China-bashing in primary season reflects deep nativism in US

By Diao Daming Source:Global Times Published: 2016-4-13 0:23:01

Illustration: Liu Rui/GT

Ever since the US 2016 presidential primaries started, China-related topics have become a candidates' tool to attack their competitors or fanning the flames of national sentiment to win more support. Both Hillary Clinton, a professional politician with rich experience of diplomatic affairs, and Donald Trump, a businessman with no political experience at all, have frequently accused China of stealing US jobs, and both have vowed to change the situation.

Looking back on the history of US elections, China is far from a major topical issue during presidential campaigns, but has been often targeted for no reason in recent years. From the trade imbalance in 1990s, to today's yuan exchange rate, the approaches to utilizing China issues are basically the same, which is to blame China for Americans' greatest concerns - the nation's sluggish economy and unemployment problems.

Political figures from both the Democratic and Republican parties tend to accuse their competitors for being "weak" when facing China, while highlighting that once elected, they will be tougher. Under such logic, the China-related issues are in fact an extension of US domestic economic problems. The same language has also been applied to other countries with close trade ties to the US like Mexico and Japan.

Using China politically, candidates from both the GOP and Democratic Party have evidently revealed their inclination toward populism or nativism. Within the Democratic Party, given the continuous challenges of Bernie Sanders, Clinton's campaign focus has been switched to the interests of voters from the lower middle class, and has started to positively respond to economic appeals from this group. However, since that she cannot put forward any reasonable and practical reform policy, she can only use inflammatory words to shift the focus of contradictions.

In the GOP, Trump has been explaining all US problems as "non-native" issues, which are caused by countries in the outside world or immigrants.
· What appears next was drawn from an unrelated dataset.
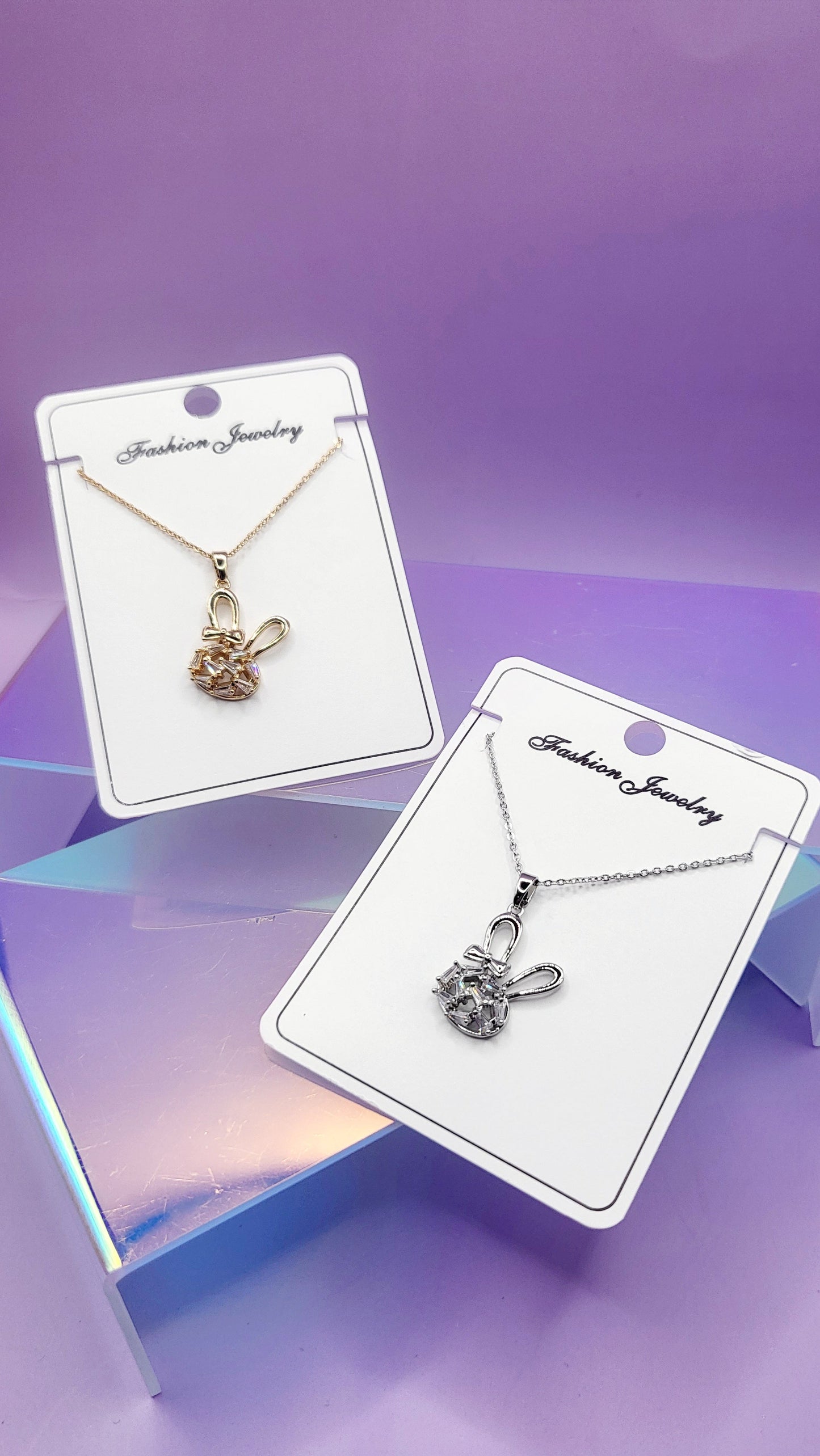 Crystal Bunny Necklace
Nativism traces back to the nation's colonial period. The Know Nothing movement, extremist groups that advocated white supremacy such as Ku Klux Klan, and the Chinese Exclusion Act passed in 1882 all reflect this history.
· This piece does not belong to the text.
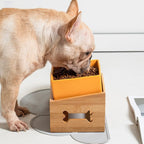 Large Capacity High Stand Ceramic Pet Bowl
Today, Trump has once again awakened the nativism in the US. From building up a wall along the US-Mexican border, banning all Muslims from entering the country, and expelling illegal immigrants, his remarks have turned this multicultural state's "American dream" on its head.

The current revitalization of populism and nativism reflect US citizens' dissatisfaction, uneasiness, anger, and fear. Politically, during US President Barack Obama's term, the Washington's partisan struggle showed no sign of improvement. Certain politicians cash in on the polarized politics at all costs, even including a government shutdown and a downgrade of the country's credit rating. Tired of the partisan struggle, the public has turned to the anti-establishment political figures for a change.

Although the US economy is in recovery, ordinary people, especially non-college educated whites, are suffering from low-level and unstable employment with frequent job-hopping. They are not able to cope with the impact to the labor market which is brought by the capital and immigrants flow under globalization. In terms of social affairs, the population of ethnic groups such as Latino-Americans is growing, and immigrants have become a major factor of demographic changes.

With the question of "who are we," terrorists have emerged among immigrants under the influence of radical religious beliefs. Tensions between white people and ethnic groups have been intensified, and these have created a hot bed for xenophobia. Given the Syrian crisis and the rise of extremist groups including the Islamic State, the puzzles of anti-terror campaign and the refugee problem are once again haunting citizens in the US.

Compared with the year of 2008, Americans' desire for practical change has not declined at all. The gap between Obama's promise and the reality over the past eight years has resulted in an accumulation of grievance. Political figures should no longer incite the people by writing blank checks or using extreme negative wordings, or shift the responsibility to other nations. Instead, they should deal with major problems in the US rationally and practically. Only that is the responsible attitude for not only the US, but also the world.